[train] `XGBoostTrainer` and `LightGBMTrainer` API revamps

## Context

We are deprecating the legacy `XGBoostTrainer` and `LightGBMTrainer` APIs in favor of a new, more flexible `DataParallelTrainer` API. This migration unifies the training interface across frameworks, which takes in a custom training function.

[Train V2](https://github.com/ray-project/ray/issues/49454) only supports this new API.

## ⭐ Motivation

* Improve flexibility for training logic
    * The old API wrapped a limited subset of the XGBoost/LightGBM APIs. For example, users previously could not use `xgboost`'s [`scikit-learn` interface](https://xgboost.readthedocs.io/en/stable/python/sklearn_estimator.html) in order to use `scikit-learn`'s cross validation utility.
    * The new design allows full access to the native APIs (`xgboost.train`, `xgboost.XGBRegressor`, `lightgbm.train`, etc.), making it easier to adopt new upstream features.
* Increase transparency
    * The new API clearly shows the separation of responsibility between Ray Train’s distributed XGBoost setup logic and user training code.
    * The new API also makes data ingestion clearer, since the user now explicitly triggers the dataset materialization and wraps it in a framework native `DMatrix` (or `Dataset` for LightGBM).
* Simplify migration from non-distributed code
    * Users can now wrap their existing single-node training functions in `XGBoostTrainer` or `LightGBMTrainer` with minimal changes.
* Remove deprecated dependencies
    * The old trainers relied on `xgboost_ray` / `lightgbm_ray` external packages, which are no longer maintained.

## 🚀 Quickstart

Find runnable examples here, which showcase the new APIs:

* [XGBoostTrainer quickstart](https://docs.ray.io/en/latest/train/getting-started-xgboost.html#quickstart)
* [LightGBMTrainer quickstart](https://docs.ray.io/en/latest/train/getting-started-lightgbm.html#quickstart)

## 🔁 Migration guide

We show the XGBoost migration examples, but the same migrations apply for the `LightGBMTrainer` with the corresponding LightGBM APIs.

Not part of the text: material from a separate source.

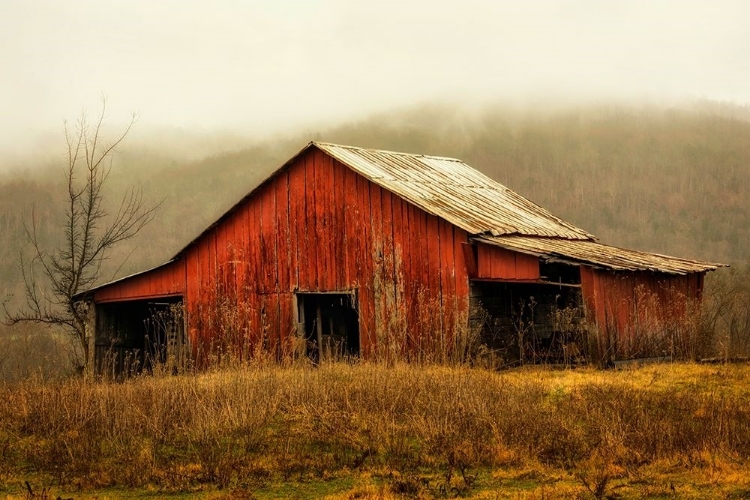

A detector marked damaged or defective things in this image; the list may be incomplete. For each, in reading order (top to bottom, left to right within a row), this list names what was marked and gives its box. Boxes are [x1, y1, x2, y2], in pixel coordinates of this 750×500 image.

rusted metal roof [314, 143, 596, 240]
rusted metal roof [476, 235, 728, 276]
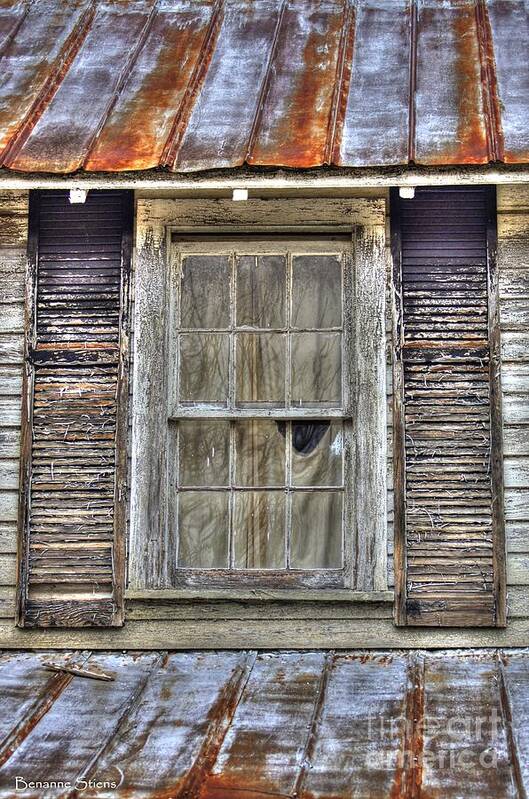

V1 Argument | Migration Strategy (V2) | Example
-- | -- | --
`datasets` | Continue to pass your Ray Datasets into the Trainer, but you should now access them from your training function with `ray.train.get_dataset_shard("train")` and convert them to an input data format that is compatible with XGBoost/LightGBM. | `ds_shard = ray.train.get_dataset_shard("train")` <br>`shard_df = ds_shard.materialize().to_pandas()`<br>`dtrain = xgboost.DMatrix(shard_df)`
`label_column` | Define in your training function and drop the column from your input features. | `X, y = df.drop("target", 1), df["target"]`
`params` | Pass directly into the framework’s training API (`xgboost.train` / `lightgbm.train`). | `xgboost.train(params, ...)`
`dmatrix_params` | Pass into the `xgboost.DMatrix()` constructor. | `dtrain = xgboost.DMatrix(..., **dmatrix_params)`
`num_boost_round` | Pass as a positional argument to the framework training API. | `xgboost.train(..., num_boost_round=100)`
`**train_kwargs` | Pass directly into the framework API call. | `xgboost.train(..., **train_kwargs)`

### LightGBM specific migrations

You need to append `ray.train.lightgbm.get_network_params()` to your LightGBM parameters.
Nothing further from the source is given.